Why can't you have the type constructor for a record type just as you could for a tuple type (as below)?
Be careful ! There is no tuple in the example you show, only a sum type with multiple parameters. Foo of bar * baz is not the same thing as Foo of (bar * baz): the former constructor has two parameters, and the latter constructor has only one parameter, which is a tuple. This differentiation is done for performances reasons (in memory, the two parameters are packed together with the constructor tag, while the tuple creates an indirection pointer). Using tuples instead of multi-parameters is slightly more flexible : you can match as both Foo (x, y) -> ... or Foo p -> ..., the latter not being available to multi-parameter constructors.

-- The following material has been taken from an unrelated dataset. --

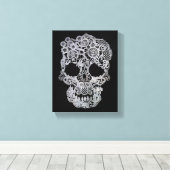 Skull canvas afdruk (Insitu (Houten vloer))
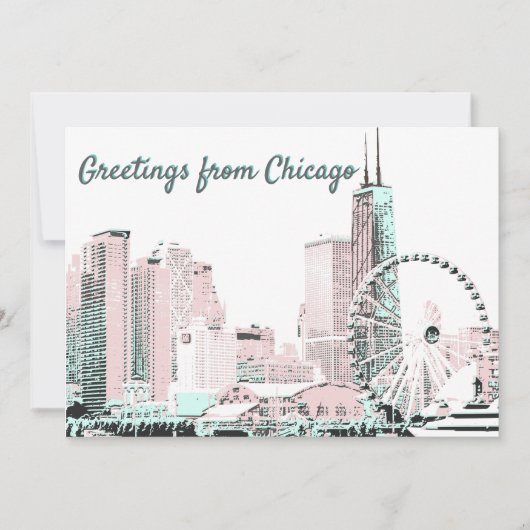 Chicago skyline Holiday stilvolle Postkarte (Vorderseite)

There is no asymmetry between tuples and records in that none of them has a special status in the sum type construction, which is only a sum of constructors of arbitrary arity. That said, it is easier to use tuples as parameter types for the constructors, as tuple types don't have to be declared to be used. Eg. some people have asked for the ability to write
type foo =
| Foo of { x : int; y : int }
| Bar of { z : foo list }
instead of the current
type foo = Foo of foo_t | Bar of bar_t
and foo_t = { x : int; y : int }
and bar_t = { z : foo list }
Your request is a particular (and not very interesting) case of this question. However, even with such shorthand syntax, there would still be one indirection pointer between the constructor and the data, making this style unattractive for performance-conscious programs -- what could be useful is the ability to have named constructor parameters.
PS: I'm not saying that Haskell's choice of desugaring records into tuples is a bad thing. By translating one feature into another, you reduce redundancy/overlapping of concepts. That said, I personally think it would be more natural to desugar tuples into records (with numerical field names, as done in eg. Oz). In programming language design, there are often no "good" and "bad" choices, only different compromises.
You can't have it because the language doesn't support it. It would actually be an easy fit into the type system or the data representation, but it would be a small additional complication in the compiler, and it hasn't been done. So yes, you have to choose between naming the constructor and naming the arguments.
Note that record label names are tied to a particular type, so e.g. {initialState=q} is a pattern of type ('q, 's) nfa; you can't usefully reuse the label name in a different type. So naming the constructor is only really useful when the type has multiple constructors; then, if you have a lot of arguments to a constructor, you may prefer to define a separate type for the arguments.
I believe there's a patch floating around for this feature, but I don't know if it's up-to-date for the latest OCaml version or anything, and it would require anyone using your code to have that patch.